You can use the struct module to build binary strings from arbitrary layouts.

That can only generate byte-aligned structures, but you'll need to be byte aligned to send on the network socket anyway.

EDIT:

So the format you're generating really does have non-aligned bits 8-1-1-2-12-16 etc.

In order to send on a socket you'll need to be byte aligned, but I guess that the protocol handles that some how. (maybe with padding bits somewhere?)
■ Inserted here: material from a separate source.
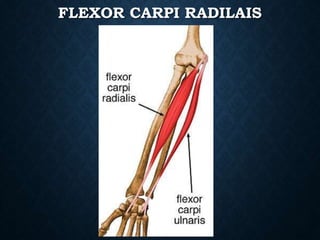 FLEXOR CARPI RADILAIS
My new suggestion would be to build up a bit string, then chop it up into 8-bit blocks and convert from there:

input_binary_string = "110010111111111111101010" ## must be a multiple of 8
out = []
while len(input_binary_string) >= 8:
    byte = input_binary_string[:8]
    input_binary_string = input_binary_string[8:]
    b = int(byte,2)
    c = chr(b)
    out.append(c)
## Better not have a bits left over
assert len(input_binary_string) == 0
outString = "".join(out)

print [ ord(c) for c in out ]
Douglas Leeder
Struct can't seem to handle adding just one bit... am I missing something?
RogueFalcon
the smallest unit of data that can be used with the struct module and with sockets is 1 byte
Steg
I assume then that means the struct module doesn't help me.
RogueFalcon
When you send on a socket you're going to need byte aligned blocks.All protocols I've ever seen are byte-aligned - are you sure ATSC PSIP isn't?
Douglas Leeder
I checked out ATSC PSIP (http://www.atsc.org/standards/a_65cr1_with_amend_1.pdf) and it looks like the data structures you need to send around are all byte aligned blocks - its just that, in each block, specific bits can correspond to different fields. so, struct won't get you 100% of the way. For a particular byte within a block that is split into, say, 3 fields, you would have to construct the value of that byte using standard bit-wise operations (http://docs.python.org/library/stdtypes.html#bit-string-operations-on-integer-types) and then set that byte in the block using the struct module.
Steg
Thanks Douglas! I started working on a similar approach but your method is much cleaner. I really appreciate it.